How to implement and test a vector store integration
This guide walks through how to implement and test a custom vector store that you have developed.
For testing, we will rely on the langchain-tests dependency we added in the previous bootstrapping guide.
Implementation
Let's say you're building a simple integration package that provides a ParrotVectorStore
vector store integration for LangChain. Here's a simple example of what your project
structure might look like:
langchain-parrot-link/
├── langchain_parrot_link/
│   ├── __init__.py
│   └── vectorstores.py
├── tests/
│   ├── __init__.py
│   └── test_vectorstores.py
├── pyproject.toml
└── README.md
Following the bootstrapping guide,
all of these files should already exist, except for
vectorstores.py and test_vectorstores.py. We will implement these files in this guide.
First we need an implementation for our vector store. This implementation will depend
on your chosen database technology. langchain-core includes a minimal
in-memory vector store
that we can use as a guide. You can access the code here.

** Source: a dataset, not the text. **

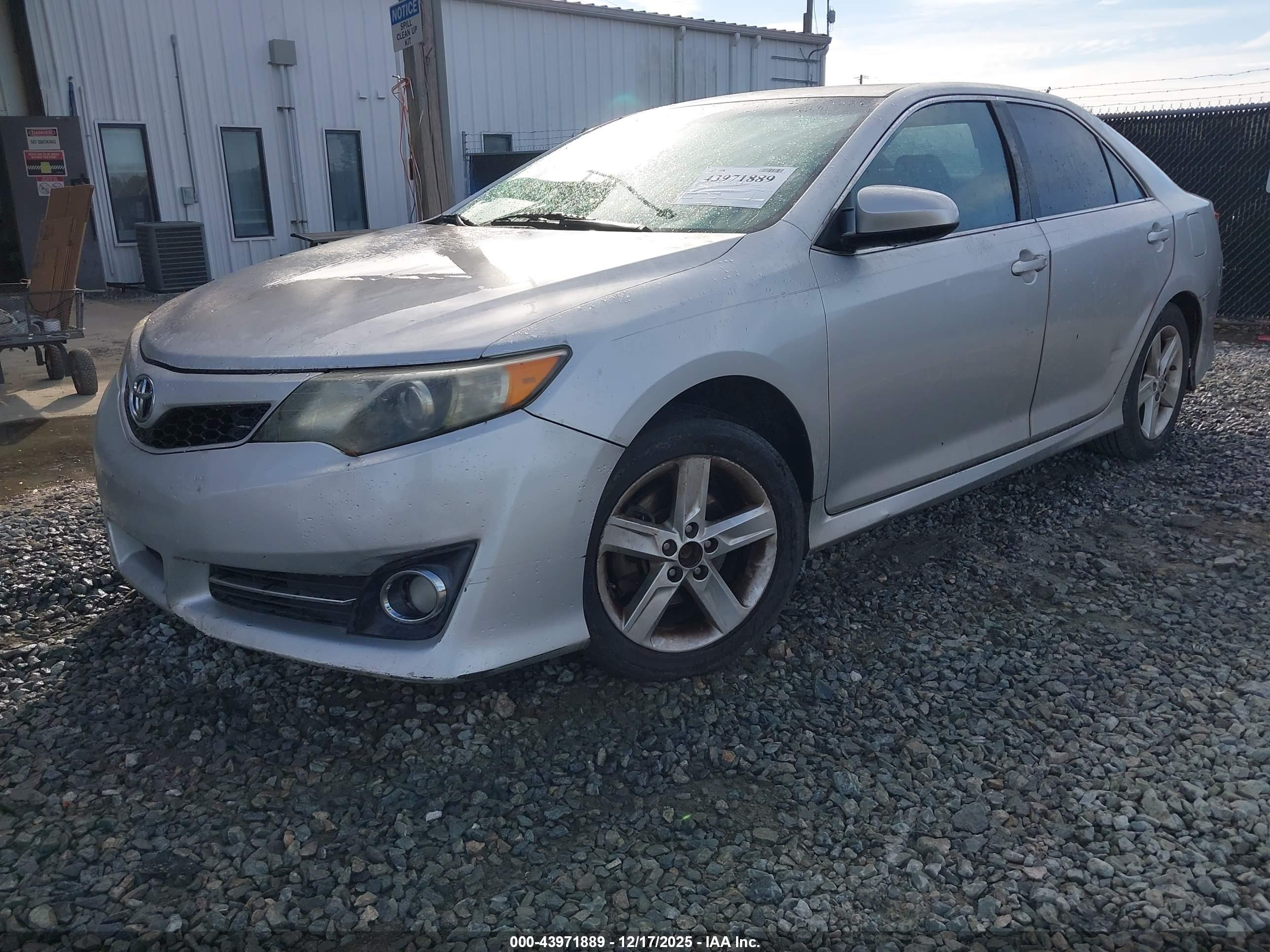 TOYOTA CAMRY image 2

For convenience, we also provide it below.
vectorstores.py
from __future__ import annotations
import json
import uuid
from collections.abc import Iterator, Sequence
from pathlib import Path
from typing import Any, Callable, Optional
from langchain_core.documents import Document
from langchain_core.embeddings import Embeddings
from langchain_core.load import dumpd, load
from langchain_core.vectorstores import VectorStore
from langchain_core.vectorstores.utils import _cosine_similarity as cosine_similarity
from langchain_core.vectorstores.utils import maximal_marginal_relevance
class InMemoryVectorStore(VectorStore):
    """In-memory vector store implementation.
    Uses a dictionary, and computes cosine similarity for search using numpy.
    """
    def __init__(self, embedding: Embeddings) -> None:
        """Initialize with the given embedding function.
        Args:
            embedding: embedding function to use.
        """
        self.store: dict[str, dict[str, Any]] = {}
        self.embedding = embedding
    @property
    def embeddings(self) -> Embeddings:
        return self.embedding
    def delete(self, ids: Optional[Sequence[str]] = None, **kwargs: Any) -> None:
        if ids:
            for _id in ids:
                self.store.pop(_id, None)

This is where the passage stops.